Mr McGregor said the rain had been a big help for any summer crops that were already in and a boost to growers getting ready to put summer crop in once they had winter crop harvest out of the way.
“If there is follow up rain in mid to late November we could see more summer crop go in than we anticipated,” he said.
In Central West NSW, IMAC agronomist at Forbes, Cameron Corke, said falls of up to 100mm would help fill out late crops but not be of much benefit to early crops.
He said growers in the region were in the process of finishing windrowing canola, but the main harvest was still a week or more away.
“The ground is wet and we will need some heat to dry it out. I’ve heard there are some guys who will have a crack this afternoon at taking off some canola that has been down for nearly two weeks. They will be the first going with winter crop harvest.
“The main harvest is a good week to 10 days before they get going on the early crops. It has been a good season, but we have to get it off and in the bin.”
Mr Corke said there was some cotton already planted in the areas “but it is not liking the cool and wet conditions”.

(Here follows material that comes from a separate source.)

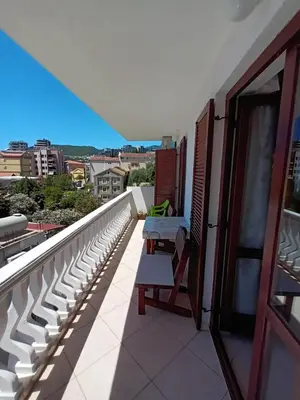 a balcony with two tables and a view of a city at Beli angel in Rafailovici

At nearby Grenfell, Delta Agribusiness agronomist, Jenna Brewis, said 70mm to 100mm had fallen in the region in the past 10 days.
“The rain was fantastic for finishing wheat yields. It was quite green before the rain and has come in reasonably quickly,” she said.
“The barley wouldn’t have benefited as much from the rain given that it is more mature.
“The forecast looks positive with no storms on the horizon which is nice to see.”